Dalam peristiwa tersebut Anggota Ombudsman Alvin Lie Ling Piao memaparkan fakta dan kejanggalan hilangnya Kapal Kargo MV Nur Allya dalam Acara Ngopi Bareng Ombudsman pada Rabu 22 Januari 2020.
Apa saja isi pemaparan data dari Ombudsman? berikut faktanya.
1. Jumlah awak 27 orang
Dalam dokumen manifes menunjukkan bahwa jumlah awak Kapal Kargo MV Nur Allya berjumlah 25 orang. Padahal kenyataannya keseluruhan orang yang berada dalam kapal itu ada 27 orang.
“Ini menunjukkan juga bahwa data manifes ini tidak tertib dan tidak akurat,” kata Alvin beberapa waktu lalu.
2. Salah satu korban masih magang
Taruna tersebut berasal dari Sekolah Tinggi Ilmu Pelayaran (STIP) Jakarta. Dalam kejadian, ia sedang melaksanakan praktik laut (prala) selama satu tahun yang terhitung sejak 4 Agustus 2018 dan selesai pada tanggal 4 Agustus 2019.
“Pada tanggal 16 Agustus salah satu taruna mengirim email laporan kepada STIP bahwa masa magang mereka sudah selesai. Tapi tidak ditanggapi oleh STIP,” ujar Alvin.
Nahasnya, pada tanggal 20 Agustus 2019 ia masih berlayar di atas kapal dan menjadi salah satu korban.
3. STIP tidak tahu ada taruna yang magang
Kejanggalan selanjutnya, STIP tidak tahu ada taruna magang di Kapal Kargo MV Nur Allya. Bahkan STIP juga tidak tahu soal kontrak magang dengan perusahaan pemilik kapal.

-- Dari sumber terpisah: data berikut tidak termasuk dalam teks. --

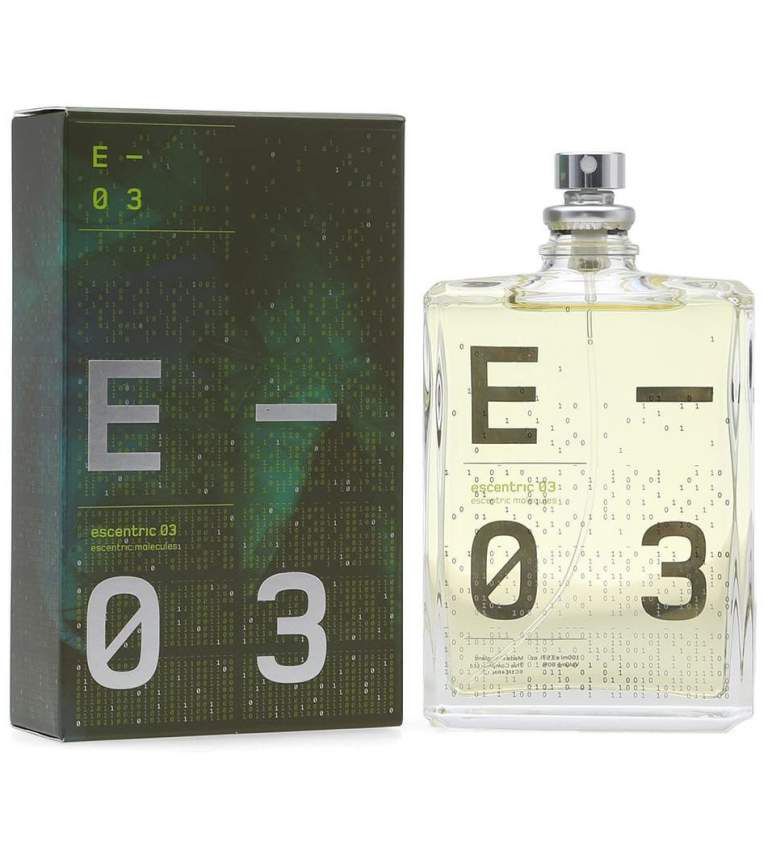 Escentric Molecules Escentric 03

“Seharusnya selesai magang 4 Agustus 2019, STIP ini tidak tahu bahwa masa magang mereka sudah selesai atau belum. Di mana tanggung jawab STIP terhadap siswanya,” kata Alvin.
4. Kapal belum ditemukan
Hilang sejak tanggal 20 Agustus 2019 sampai saat ini Kapal Kargo MV Nur Allya masih belum ditemukan.
“Jadi ini tidak jelas apakah kapalnya benar-benar tenggelam atau dibajak sampe sekarang ngga ada yang tahu”, lanjutnya.
5. KNKT belum dapat menurunkan ROV
Keluarga korban meminta bantuan kepada Komite Nasional Keselamatan Transportasi (KNKT) untuk melakukan pencarian.
Namun, KNKT mengalami kendala untuk mencari kapal yang tenggelam harus menggunakan teknologi ROV (Remotely Operated Vehicle) semacam robot yang dapat diterjunkan ke dalam laut.
“Dan memobilisasi ROV KNKT kesulitan anggaran karena untuk menjalankan ROV sedikitnya 10 miliar rupiah. Kita ngga punya anggaran. Ini merupakan kewajiban negara terhadap warga negara,” kata Alvin.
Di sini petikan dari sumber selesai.